🤖 AI Summary
In open-vocabulary semantic segmentation (OVSS), existing training-free methods suffer from two key limitations: class redundancy—introducing irrelevant categories absent in test images—and vision-language ambiguity—causing confusion among semantically similar classes, thereby degrading the quality of class activation maps and affinity refinement maps. To address these challenges without any parameter tuning, we propose FreeCP, the first training-free class purification framework that operates directly on frozen pre-trained vision-language models (VLMs). FreeCP introduces a semantic-similarity-driven class purification strategy to eliminate redundant categories and a class activation correction mechanism to mitigate ambiguity-induced confusion. The framework is fully plug-and-play and requires no training or fine-tuning. Extensive experiments across eight mainstream benchmarks demonstrate that FreeCP significantly outperforms existing training-free methods, validating its strong generalization capability and effectiveness as a universal module for OVSS.
📝 Abstract
Fine-tuning pre-trained vision-language models has emerged as a powerful approach for enhancing open-vocabulary semantic segmentation (OVSS). However, the substantial computational and resource demands associated with training on large datasets have prompted interest in training-free methods for OVSS. Existing training-free approaches primarily focus on modifying model architectures and generating prototypes to improve segmentation performance.
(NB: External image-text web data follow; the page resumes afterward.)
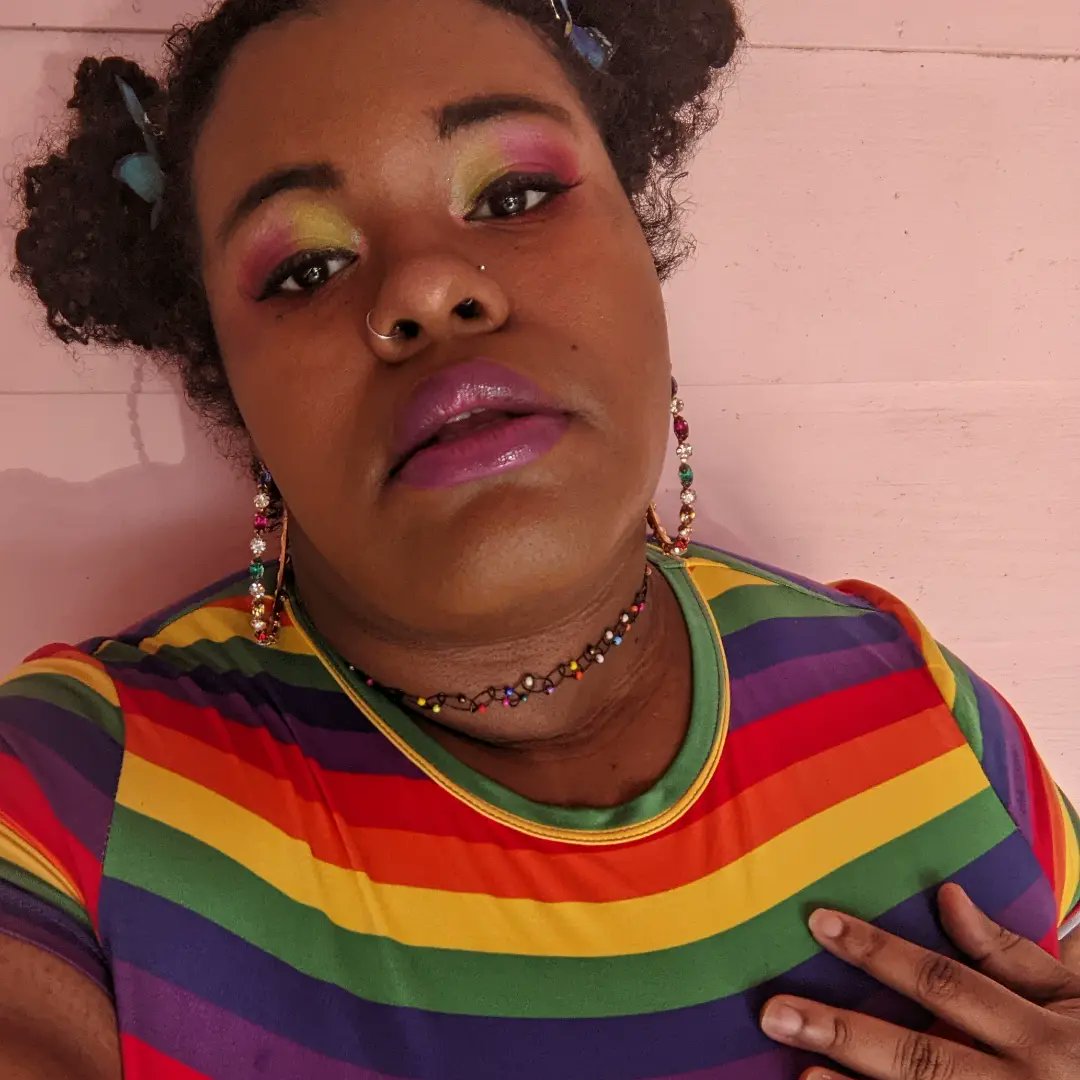nerdlover012's tweet photo. Baby, swagga's what I'm OOZING - Curliehead CuTEA ❤️🧡💛💚💙💜🌈 https://t.co/rCWVUH4GiM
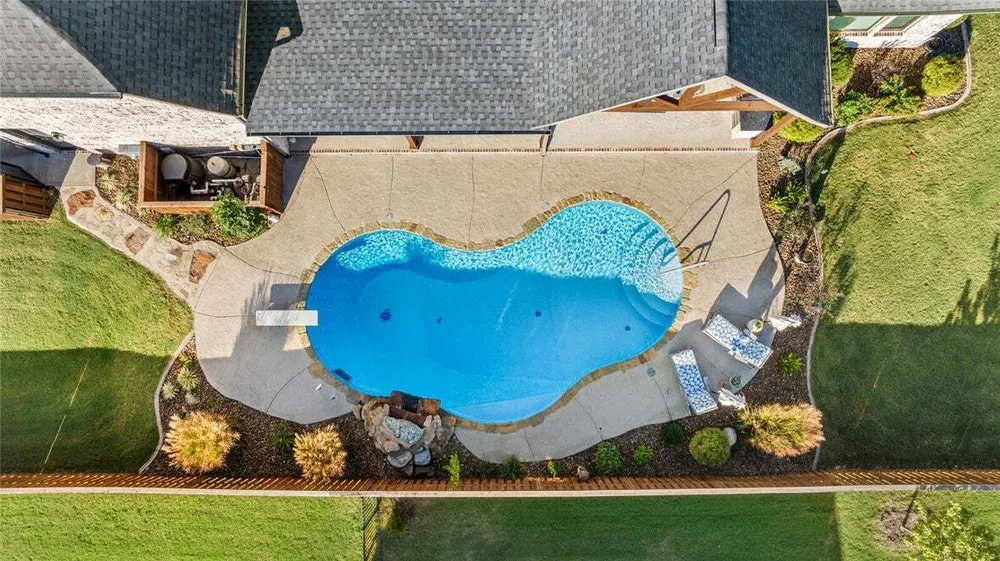 4301 S Scissortail Dr, Bentonville, AR 72713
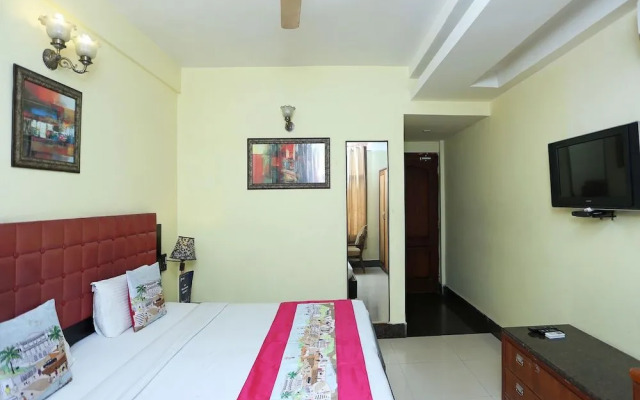 Capital O 1463 Surya Beach Inn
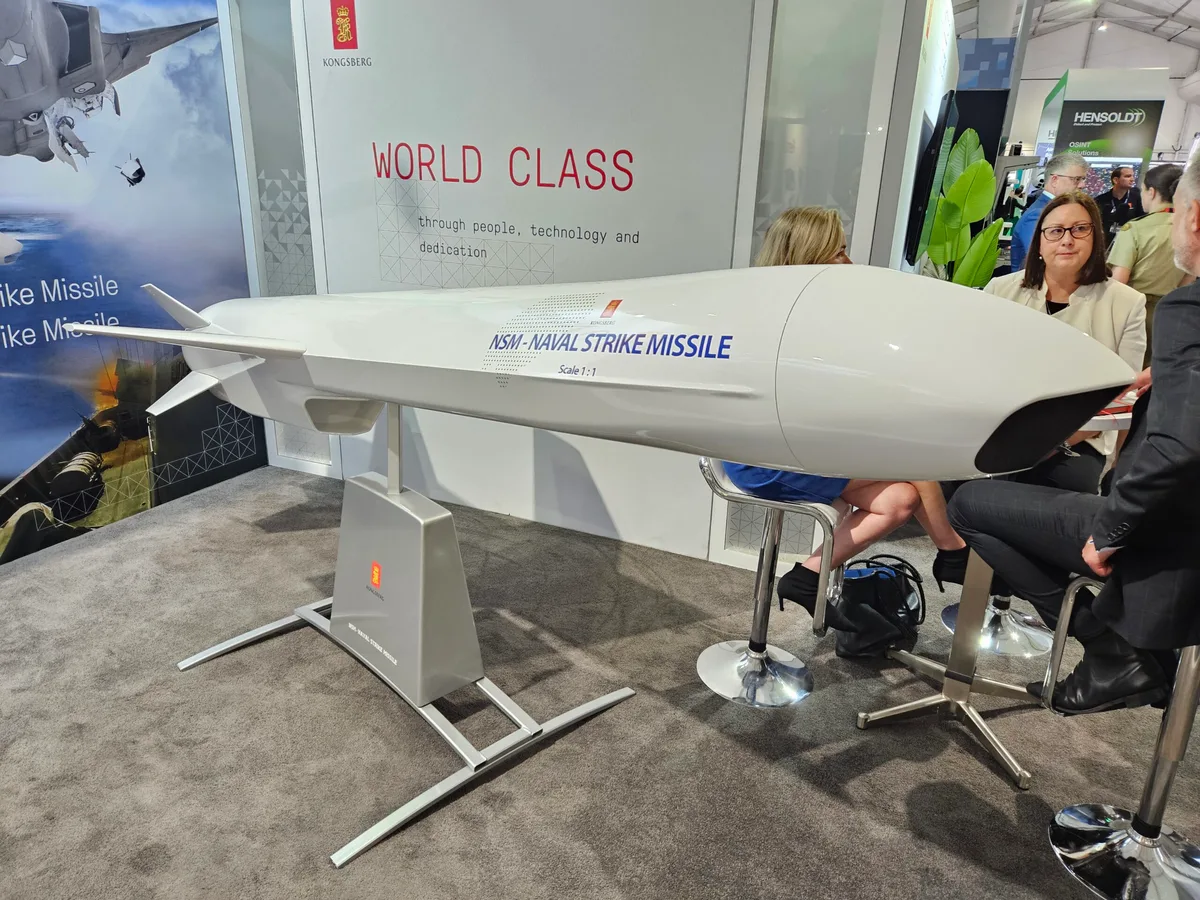Rachetă NSM expusă la un târg de tehnologie militară.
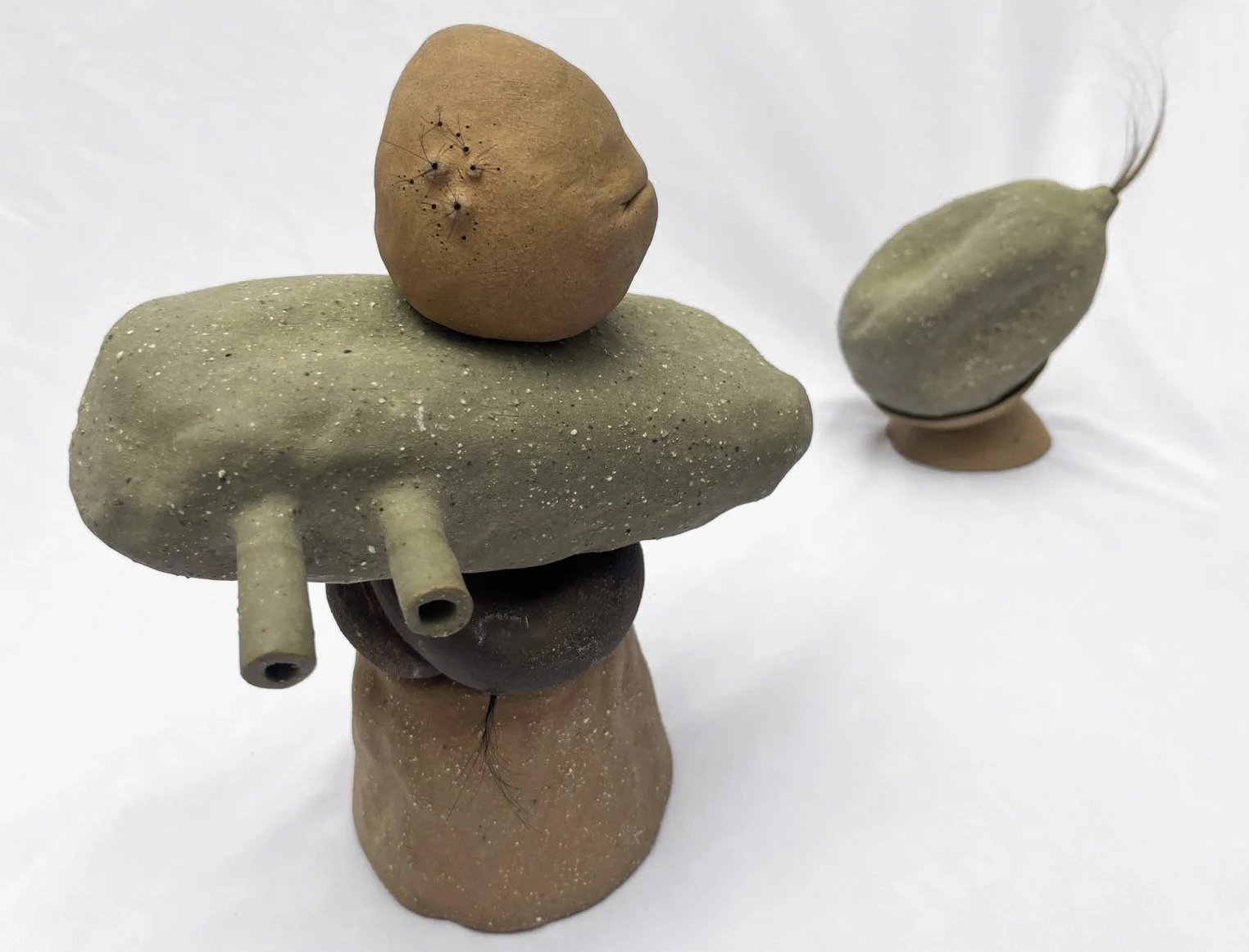 Piezas de colaboración cerámica de Jerónimo Sainz y Mercedes Orozco en tandem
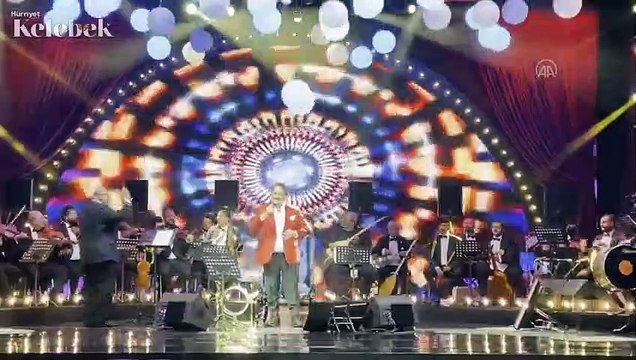 İbrahim Tatlıses, 12 yıl aradan sonra konser verdi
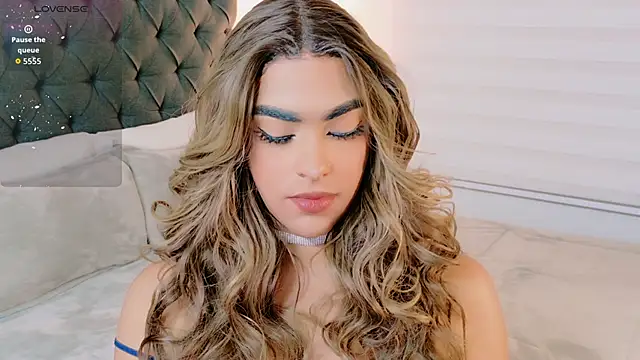 Snapshot of Scarlethvhonparker chatting on 10/01/25, 01:11 Scarlethvhonparker online show from 10/01/25, 01:11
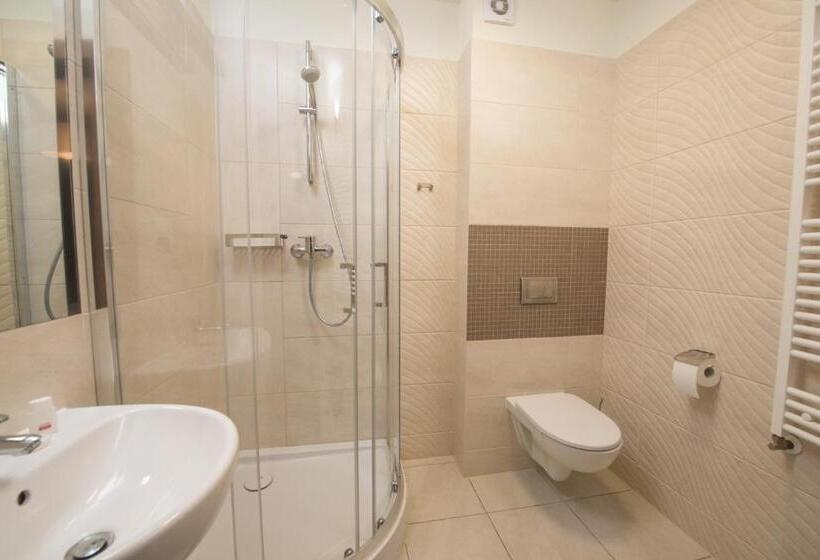 אתר נופש Centrum Promocji Leśnictwa W Mucznem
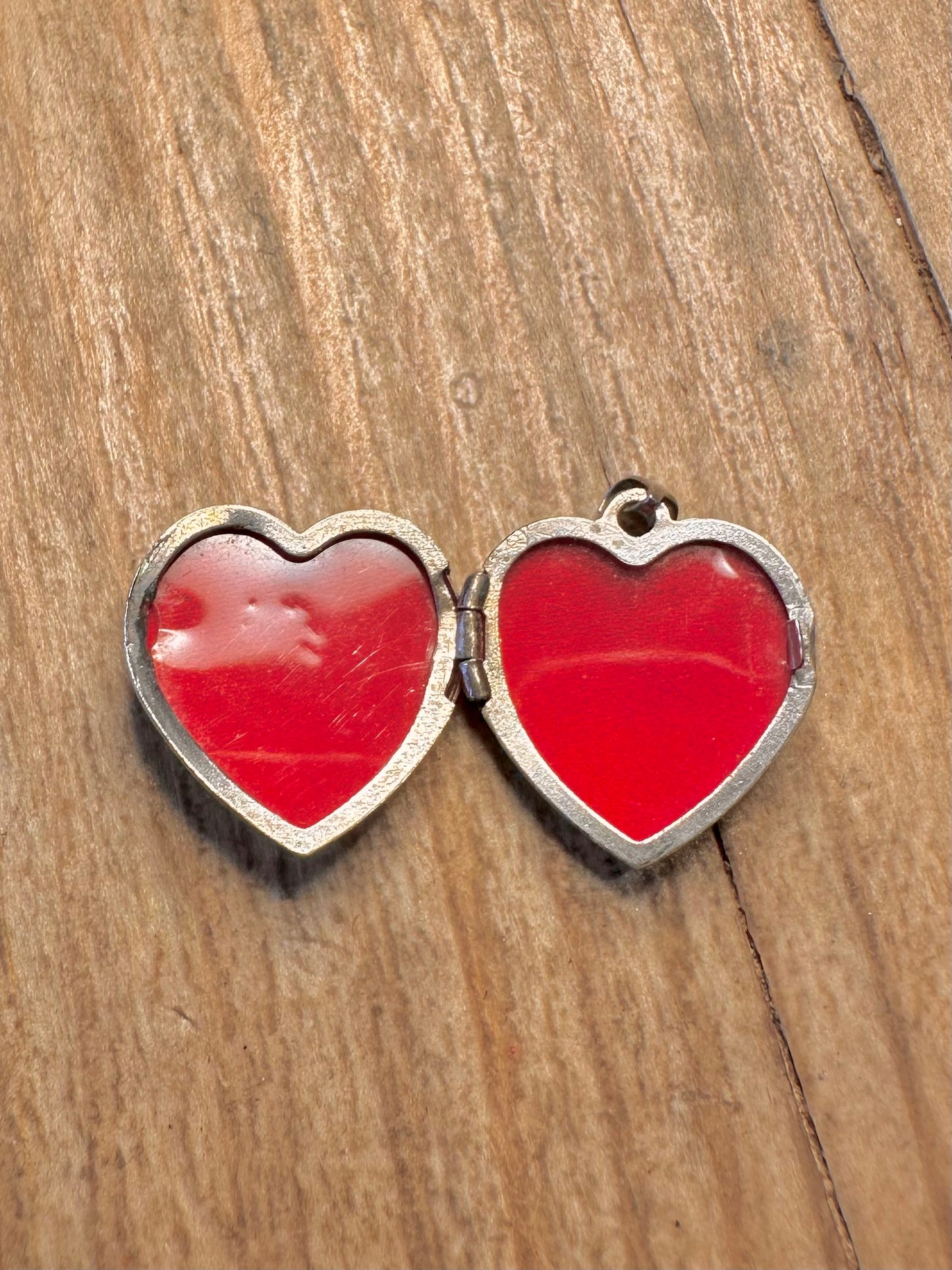 Vintage Floral Embossed Heart Locket 925 Sterling Silver Pendant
However, they often neglect the challenges posed by class redundancy, where multiple categories are not present in the current test image, and visual-language ambiguity, where semantic similarities among categories create confusion in class activation. These issues can lead to suboptimal class activation maps and affinity-refined activation maps. Motivated by these observations, we propose FreeCP, a novel training-free class purification framework designed to address these challenges. FreeCP focuses on purifying semantic categories and rectifying errors caused by redundancy and ambiguity. The purified class representations are then leveraged to produce final segmentation predictions. We conduct extensive experiments across eight benchmarks to validate FreeCP's effectiveness. Results demonstrate that FreeCP, as a plug-and-play module, significantly boosts segmentation performance when combined with other OVSS methods.